Rising 300 feet above the plains of Madhya Pradesh on a flat-topped sandstone plateau that stretches nearly three kilometres from end to end, Gwalior Fort does not announce itself gradually. It simply appears — massive, abrupt, impossibly vertical — as though the earth decided at some point to push a piece of itself straight upward and dare anyone to argue with the result. Babur, the founder of the Mughal Empire, looked at it and called it the pearl among the fortresses of India. That is not a casual compliment from a man who had seen most of Central Asia.
But here is what the history books grow quieter about: nobody knows with complete certainty who built it first, when it was first fortified, or which of the many dynasties that fought over it deserves the title of its true creator. The fort that stands today is the accumulated work of centuries — layers of ambition, conquest, devotion, and artistry pressed together into sandstone — and the mystery of its origins is woven into every wall.
The Legend That Started It All
The founding story of Gwalior Fort is the kind of story that historians distrust and travellers love, which makes it perfect.
According to local legend, a chieftain named Suraj Sen was suffering from leprosy when he encountered the sage Gwalipa on the rocky plateau above the plains. The sage offered Suraj Sen water from a sacred pond — the Suraj Kund, which still exists within the fort complex today — and cured him of his illness. In gratitude, the sage gave Suraj Sen the name Pal and instructed him to build and protect a fort on this very rock. He was warned that his descendants would hold the fort only as long as the name Pal remained in their lineage. Eventually, the name was abandoned, and with it, the dynasty’s grip on the fort.
Whether or not you believe any particular detail of this legend, it tells you something true about how Gwalior Fort exists in Indian cultural memory. It is not merely a military structure. It is a place charged with spiritual significance, origin story, and moral consequence. The Suraj Kund at its heart is not decorative water. It is, in the local understanding of things, the reason the fort exists at all.
The earliest inscription found at the site dates to the 6th century CE, suggesting that the plateau was already being used as a fortified settlement long before the medieval period that most visitors associate with the fort’s major monuments. But inscriptions record what already exists — they do not record beginnings. The true first fortification of this rock likely predates anything the archaeological record can confirm with confidence.

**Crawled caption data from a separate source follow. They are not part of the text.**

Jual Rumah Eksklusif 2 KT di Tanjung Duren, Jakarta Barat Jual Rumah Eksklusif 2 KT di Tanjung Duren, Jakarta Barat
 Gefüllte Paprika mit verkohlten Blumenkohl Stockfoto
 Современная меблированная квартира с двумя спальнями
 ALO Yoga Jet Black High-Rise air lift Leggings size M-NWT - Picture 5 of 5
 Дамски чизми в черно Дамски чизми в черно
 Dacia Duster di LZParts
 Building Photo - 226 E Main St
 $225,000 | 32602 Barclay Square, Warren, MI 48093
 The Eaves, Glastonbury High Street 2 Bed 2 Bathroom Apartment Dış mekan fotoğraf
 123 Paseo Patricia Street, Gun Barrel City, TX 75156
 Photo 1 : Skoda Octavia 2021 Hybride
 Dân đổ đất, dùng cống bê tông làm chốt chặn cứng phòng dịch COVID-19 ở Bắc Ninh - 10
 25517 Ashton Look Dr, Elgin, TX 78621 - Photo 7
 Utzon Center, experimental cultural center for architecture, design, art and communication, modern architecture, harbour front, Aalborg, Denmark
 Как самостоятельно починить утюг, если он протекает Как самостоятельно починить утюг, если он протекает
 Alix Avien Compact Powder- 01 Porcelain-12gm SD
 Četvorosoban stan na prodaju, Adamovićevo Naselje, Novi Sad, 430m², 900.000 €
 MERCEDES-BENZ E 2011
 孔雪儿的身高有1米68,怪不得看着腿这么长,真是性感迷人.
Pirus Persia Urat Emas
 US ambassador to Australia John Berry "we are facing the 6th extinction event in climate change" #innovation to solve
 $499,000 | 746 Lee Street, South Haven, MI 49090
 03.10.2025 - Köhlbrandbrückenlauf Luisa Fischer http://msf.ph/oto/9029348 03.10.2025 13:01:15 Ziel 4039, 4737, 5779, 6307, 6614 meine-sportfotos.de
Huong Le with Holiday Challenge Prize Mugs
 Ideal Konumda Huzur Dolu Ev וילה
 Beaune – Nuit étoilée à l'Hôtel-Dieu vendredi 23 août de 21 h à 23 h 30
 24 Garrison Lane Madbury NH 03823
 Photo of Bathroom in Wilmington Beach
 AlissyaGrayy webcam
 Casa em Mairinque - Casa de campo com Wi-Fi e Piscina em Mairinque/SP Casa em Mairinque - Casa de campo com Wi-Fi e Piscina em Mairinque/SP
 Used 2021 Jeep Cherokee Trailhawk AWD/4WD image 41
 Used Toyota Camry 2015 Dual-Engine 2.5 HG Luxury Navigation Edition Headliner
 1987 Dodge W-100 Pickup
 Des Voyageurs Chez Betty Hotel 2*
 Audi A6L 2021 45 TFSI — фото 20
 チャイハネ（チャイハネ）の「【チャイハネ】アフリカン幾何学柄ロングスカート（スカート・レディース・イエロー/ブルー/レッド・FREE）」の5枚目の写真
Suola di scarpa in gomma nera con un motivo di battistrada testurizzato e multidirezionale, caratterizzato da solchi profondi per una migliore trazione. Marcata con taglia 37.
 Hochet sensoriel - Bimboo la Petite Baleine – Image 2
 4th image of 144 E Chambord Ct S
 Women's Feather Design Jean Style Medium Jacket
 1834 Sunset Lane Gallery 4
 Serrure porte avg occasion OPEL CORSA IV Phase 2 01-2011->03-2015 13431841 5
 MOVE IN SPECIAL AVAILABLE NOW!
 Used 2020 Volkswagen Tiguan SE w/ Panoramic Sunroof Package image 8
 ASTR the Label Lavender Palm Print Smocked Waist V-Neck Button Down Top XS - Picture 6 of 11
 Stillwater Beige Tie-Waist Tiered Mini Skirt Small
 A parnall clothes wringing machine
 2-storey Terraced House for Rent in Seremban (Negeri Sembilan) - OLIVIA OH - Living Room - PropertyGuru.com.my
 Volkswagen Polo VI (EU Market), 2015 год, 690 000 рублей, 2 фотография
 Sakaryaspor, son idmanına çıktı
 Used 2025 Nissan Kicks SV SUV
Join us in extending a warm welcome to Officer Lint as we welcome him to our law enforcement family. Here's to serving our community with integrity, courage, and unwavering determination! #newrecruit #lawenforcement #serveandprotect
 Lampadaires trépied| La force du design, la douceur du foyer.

The Tomars: The Builders Who Left the Deepest Mark
If any dynasty can claim primary authorship of the fort as it exists today, it is the Tomar Rajputs who controlled Gwalior between the early 15th and early 16th centuries — and within that dynasty, one figure stands above all others.
Man Singh Tomar, who ruled from 1486 to 1516, remade the fort with an ambition and aesthetic sensibility that still defines its character five centuries later. The Man Mandir Palace — named for him and built largely under his patronage — is among the most remarkable examples of pre-Mughal Rajput palace architecture anywhere in India. Its exterior walls are encrusted with tile work of deep blue, turquoise, and yellow in geometric and floral patterns that have somehow survived centuries of siege, conquest, and neglect with enough of their original brilliance intact to stop every visitor mid-step. Enormous cylindrical towers anchor its facade, each one decorated with bands of carved animals, birds, and figures that run like illustrated manuscripts in stone.
Man Singh was also, by all accounts, a man of genuine cultural sophistication. The Gwalior gharana — one of classical Indian music’s most distinguished schools — traces its origins to his court, where the musician Tansen would later develop the foundations of the tradition. The fort that Man Singh built was not just a military installation. It was a centre of artistic and intellectual life that attracted poets, musicians, and scholars from across the subcontinent.
The irony is that Man Singh’s accomplishments could not protect him from the same fate that had overtaken every previous ruler of the fort. In 1516, Ibrahim Lodi defeated the Tomars, and the fort passed from Rajput to Sultanate hands — the latest in a sequence of conquests that would continue through the Mughal period and beyond.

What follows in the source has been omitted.